Why this song about change? My friend's postings in the last few weeks have been about how his sixth grade daughter has fared in English class. First, she was told that a book she had read would not be counted toward her AR goal (don't even get me started) because it seas not within her ZPD. In other words, the level of the book did not suit the range the teacher set for this child. The child was being penalized FOR reading. Next, the teacher had the temerity to tell this child how disappointed she (the teacher) was because she (the teacher) expected more from a child whose father is well known in Reading Land. The teacher said she "expected more." The final blow came with the grade of an F on this child's reading notebook. Let's add insult to injury, shall we?

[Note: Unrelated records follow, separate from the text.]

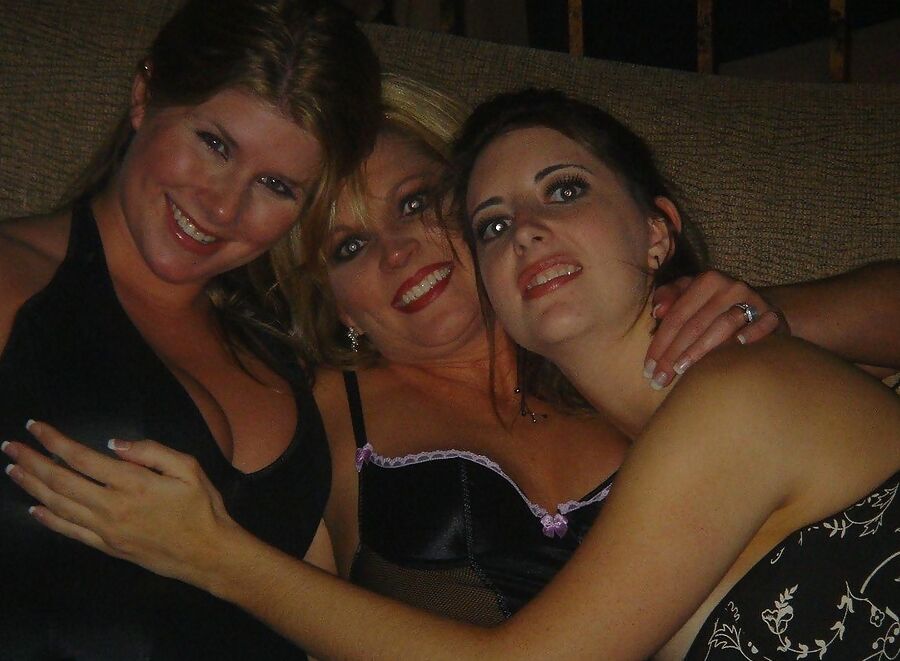 GROUPSEX - Della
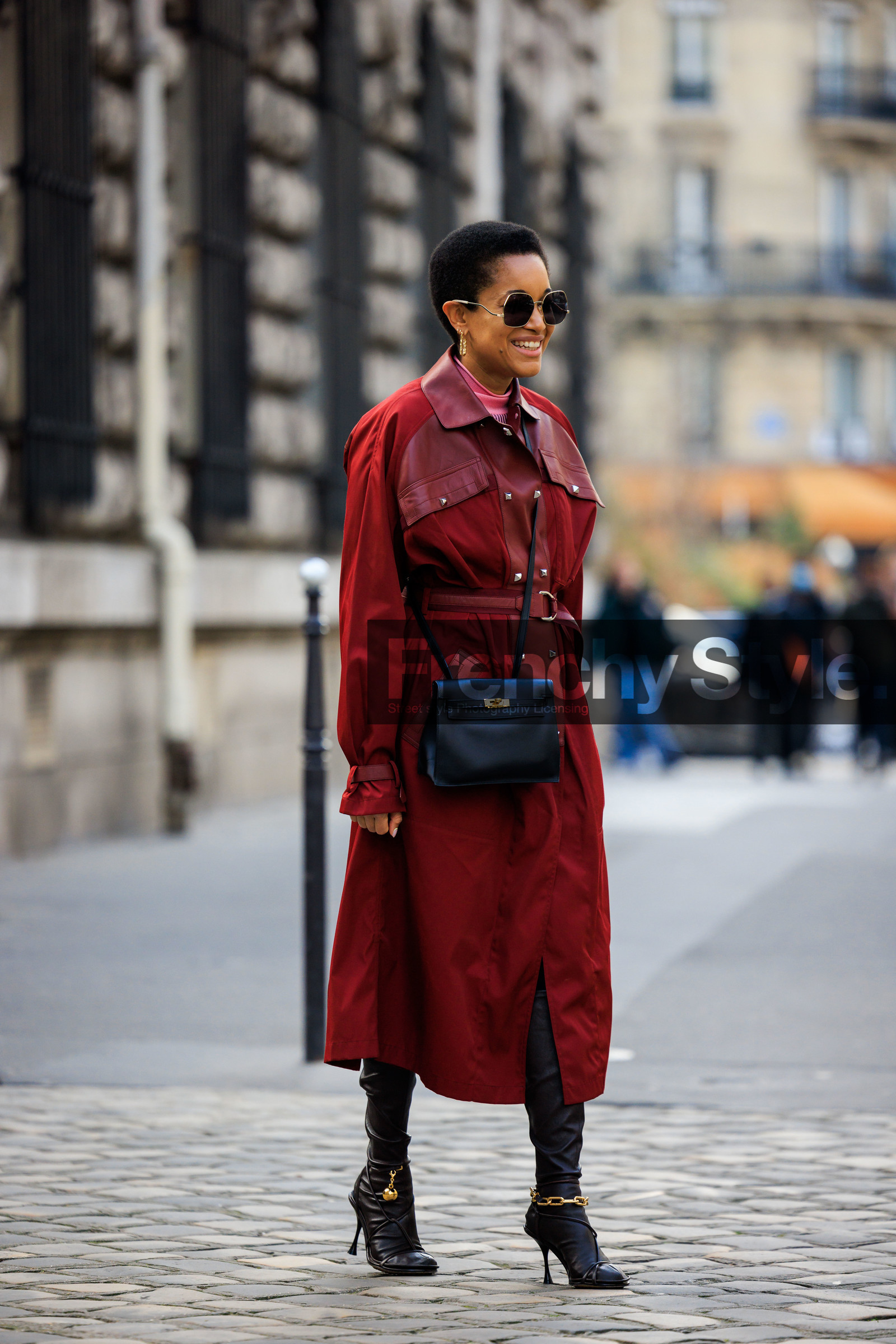 red trenchcoat, leather trench, hermes bag, crossbody bag, black handbag, leather boots, brown boots, birkin bag, black sunglasses, golden loops, tamu mcpherson, street style, jonathan paciullo, FW, frenchystyle, fashion week, AUTUMN WINTER 2022-2023, FALL WINTER 2022_2023, FW 22-23, PFW, PARIS, full length, vertical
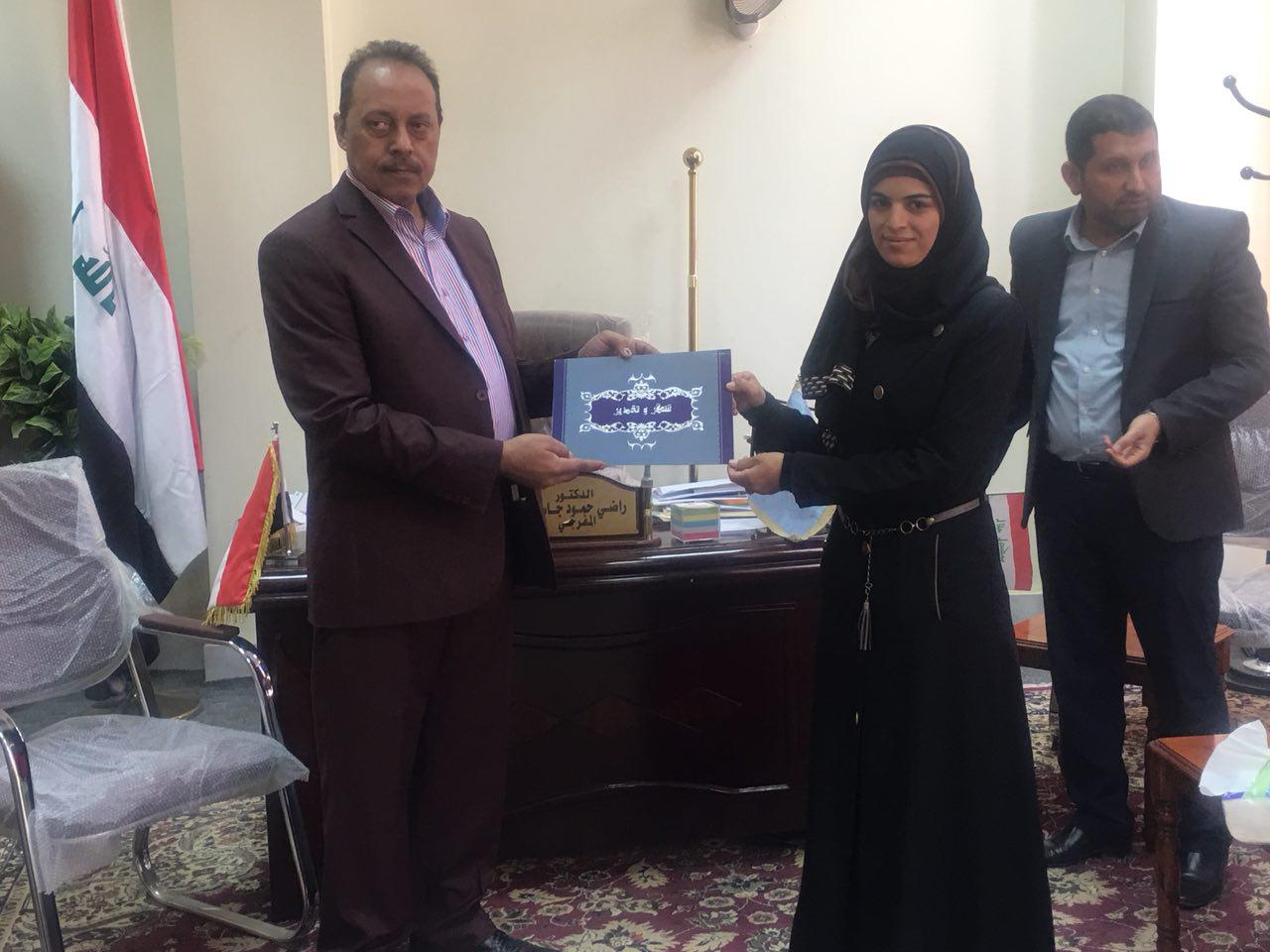 Read more about the article كرم الدكتور راضي … الطالبة نرجس حمزة لافتتاحها معرضها الاول للرسم والفنون التشكيلة ضمن فعاليات خان النخيلة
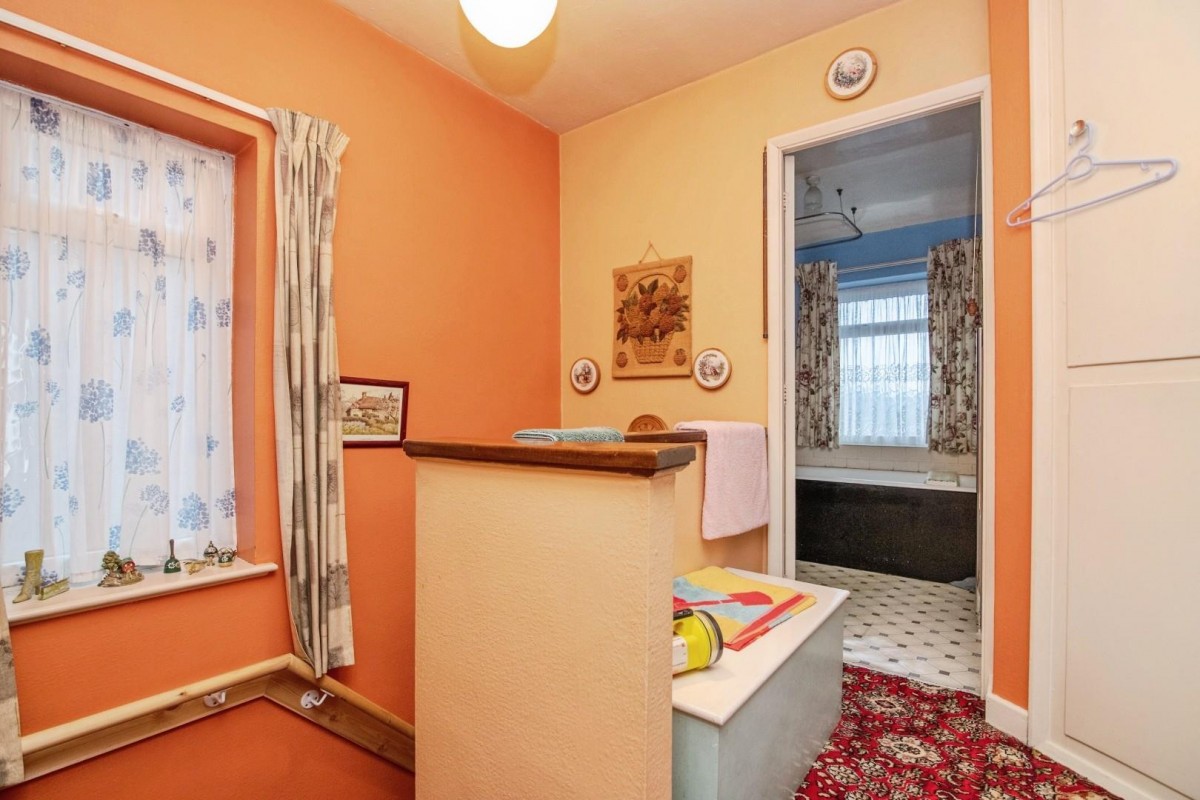 Greenoak Crescent, Woodsetton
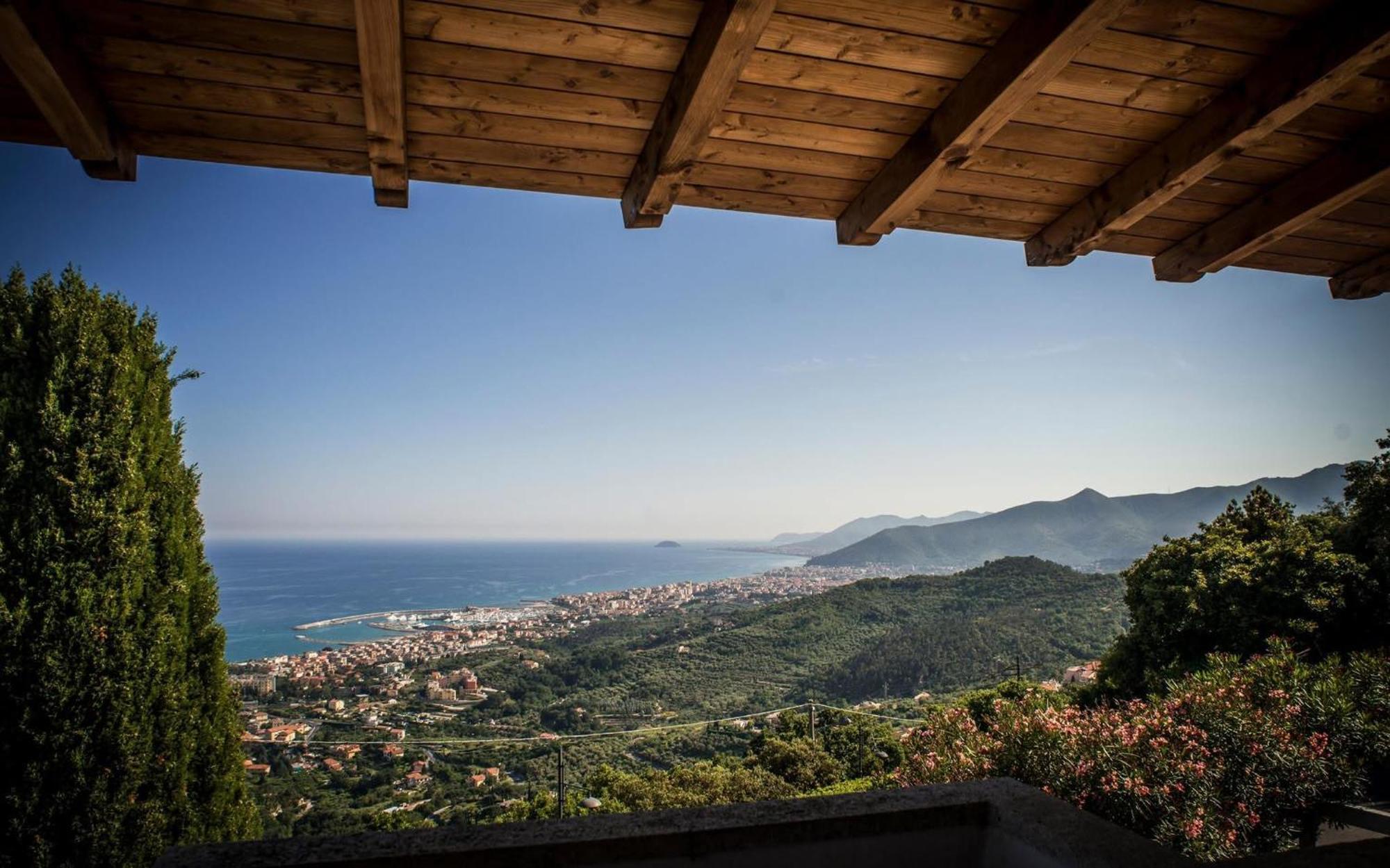 Il Capanno Hotel Pietra Ligure Luaran gambar
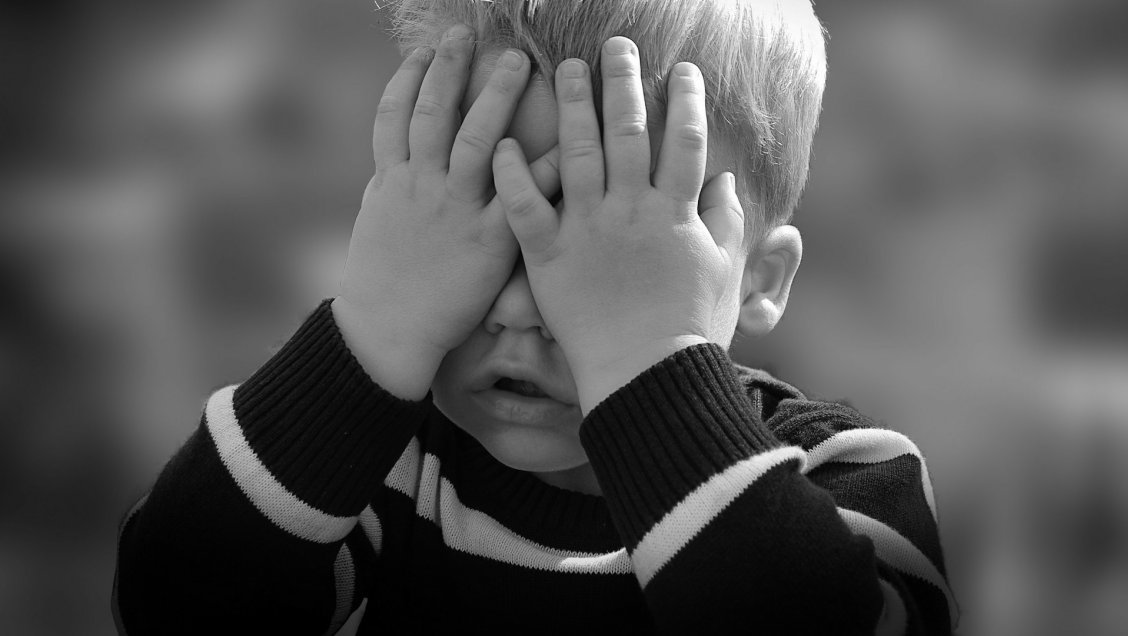 Francia aprobó ley que prohíbe a padres golpear o maltratar sicológicamente a sus hijos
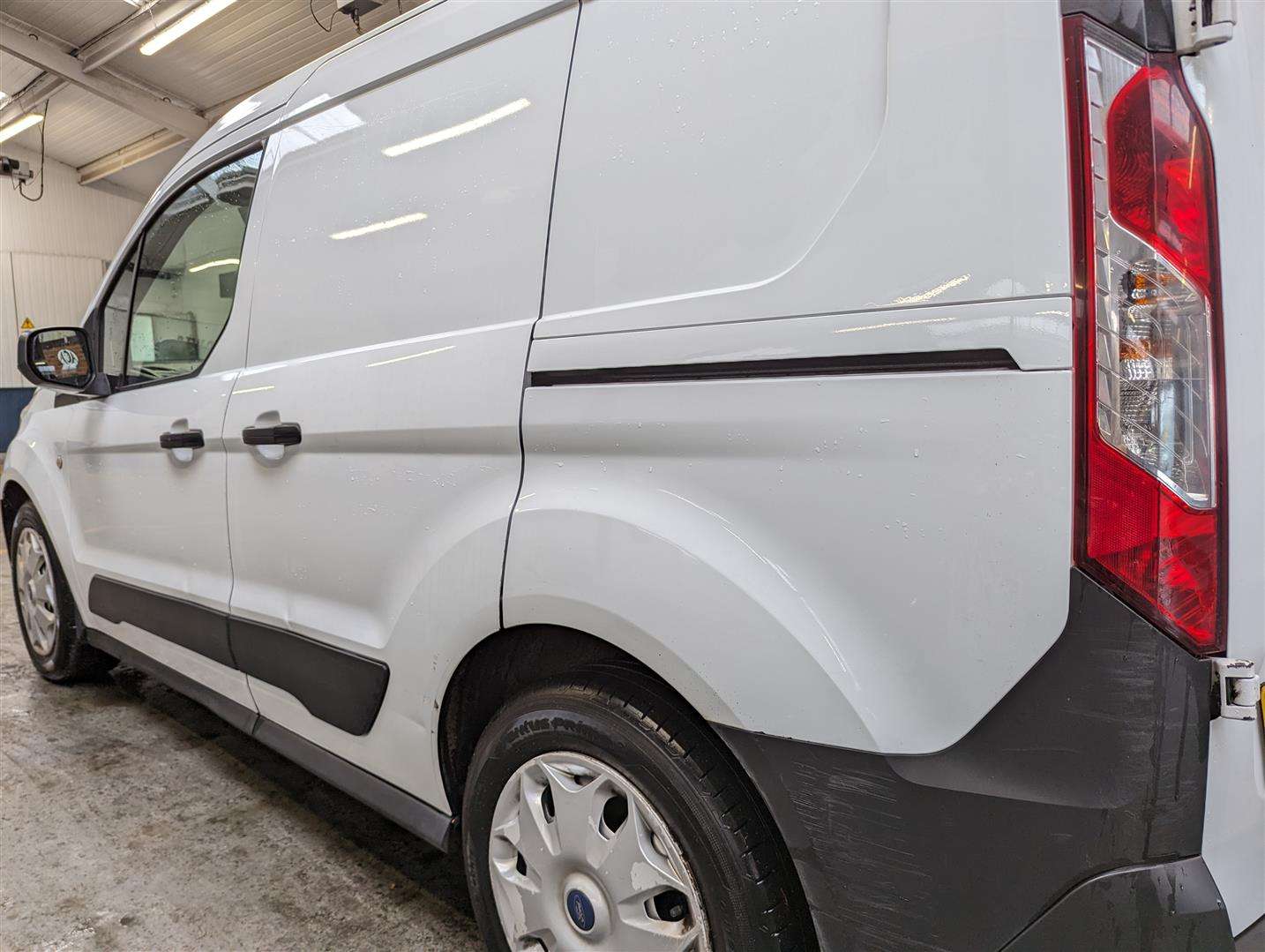 <p>2019 FORD TRANSIT CONNECT 200 BASE</p>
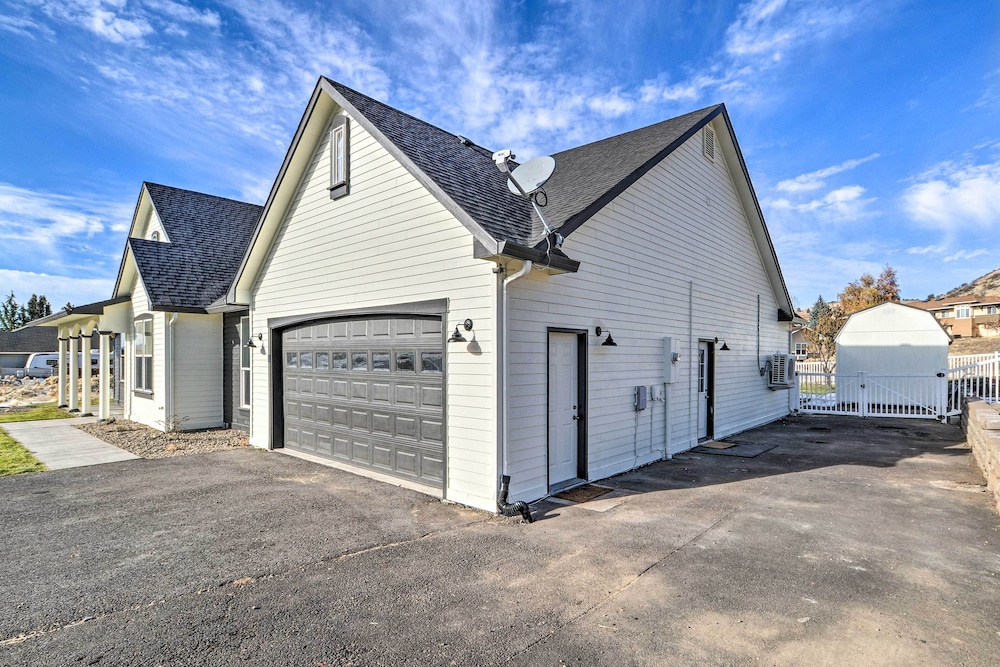 Stylish Klamath Falls Unit < 1/2 Mi to Oit! view 4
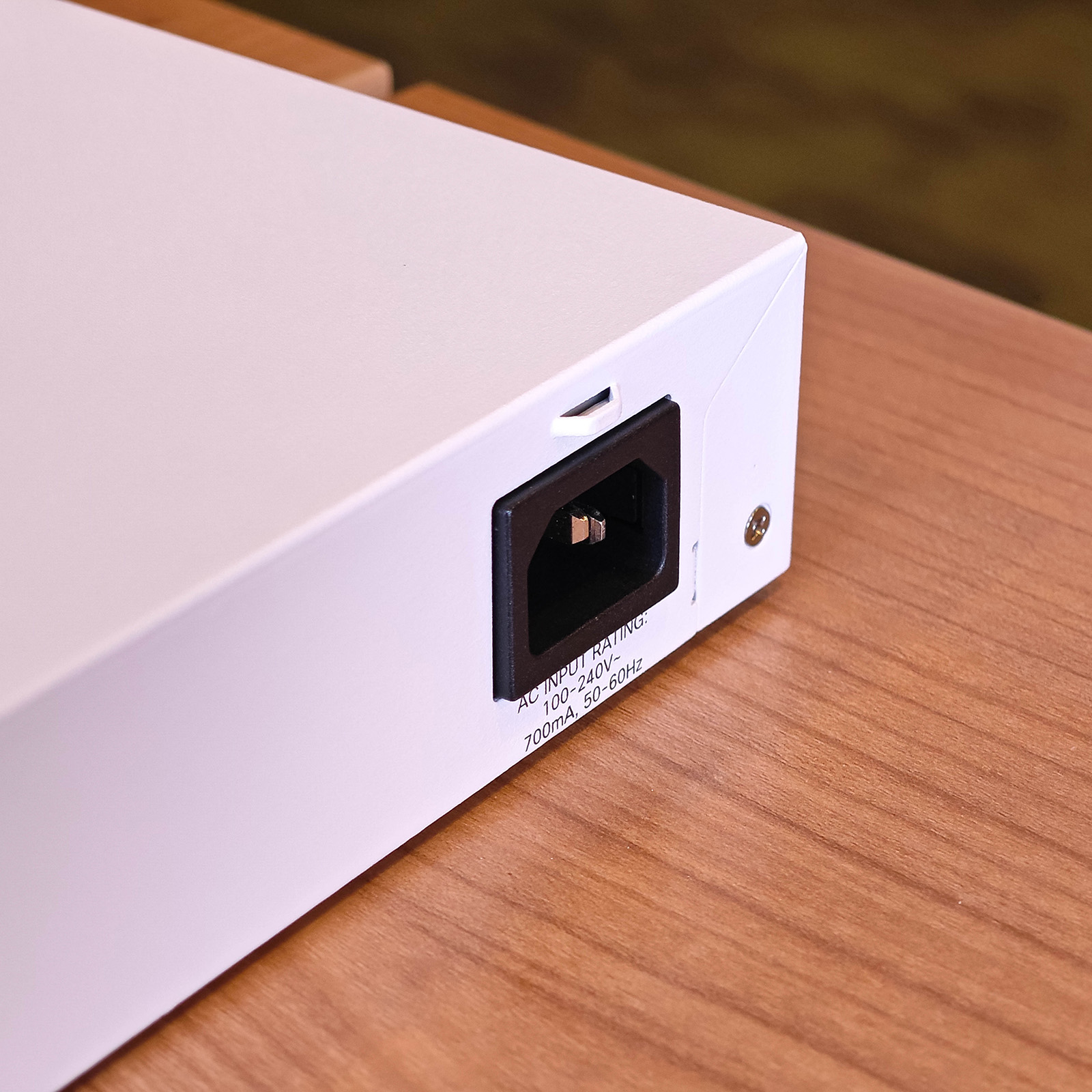 ภาพแกะกล่องสินค้า (Unboxing) แสดงสินค้าจริงและอุปกรณ์ภายในกล่อง ภาพที่ 4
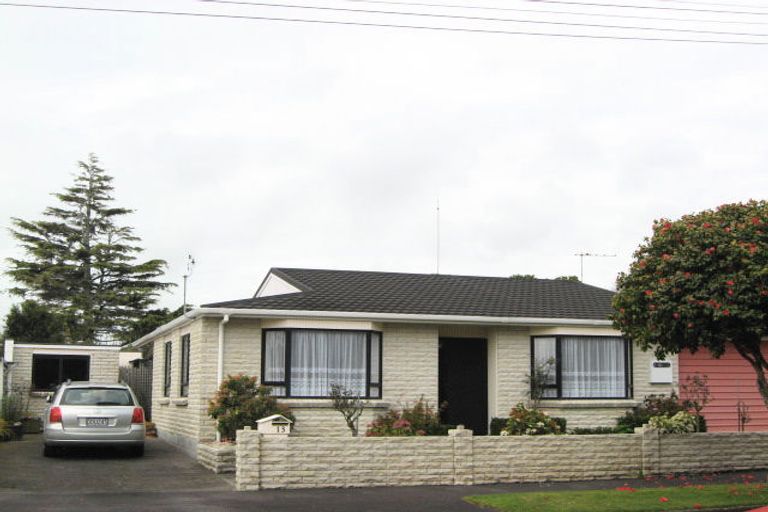 Photo of property in 13 List Street, Welbourn, New Plymouth, 4310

What does all this have to do with Dylan's brilliant song? The times have changed and they are still a-changin thanks to folks like Alfie Kohn and Stephen Krashen and Donalyn Miller and Penny Kittle and Kelly Gallagher and Linda fief and Nancie Atwell and Kylene Beers and a host of others who have written about workshop and community and choice and assessment. I know that when I began teaching, I taught the way I had been taught. But it did not work for my middle school kids. I began taking some different approaches. I read aloud in class daily. I gave kids time to read in class daily. I threw out the grammar homework opting for time at home to read. I let kids select their own books. When IN THE MIDDLE published, I had confirmation that what I was doing was good and right. I learned about other things I might do to make reading something my kids loved rather than loathed. Now, more than 35 years after I began teaching, I pay particular heed to this piece of the song:

"Please heed the call
Don't stand in the doorway
Don't block up the hall
For he that gets hurt
Will be he who has stalled"


I give students the option of different approaches to complete an assignment as often as I can. I am preparing for a major shift in how I determine the books they read for class. I am a-changin, too. Teachers who are stuck in some sort of time warp need to heed this call from Dylan. The times they are a-changin.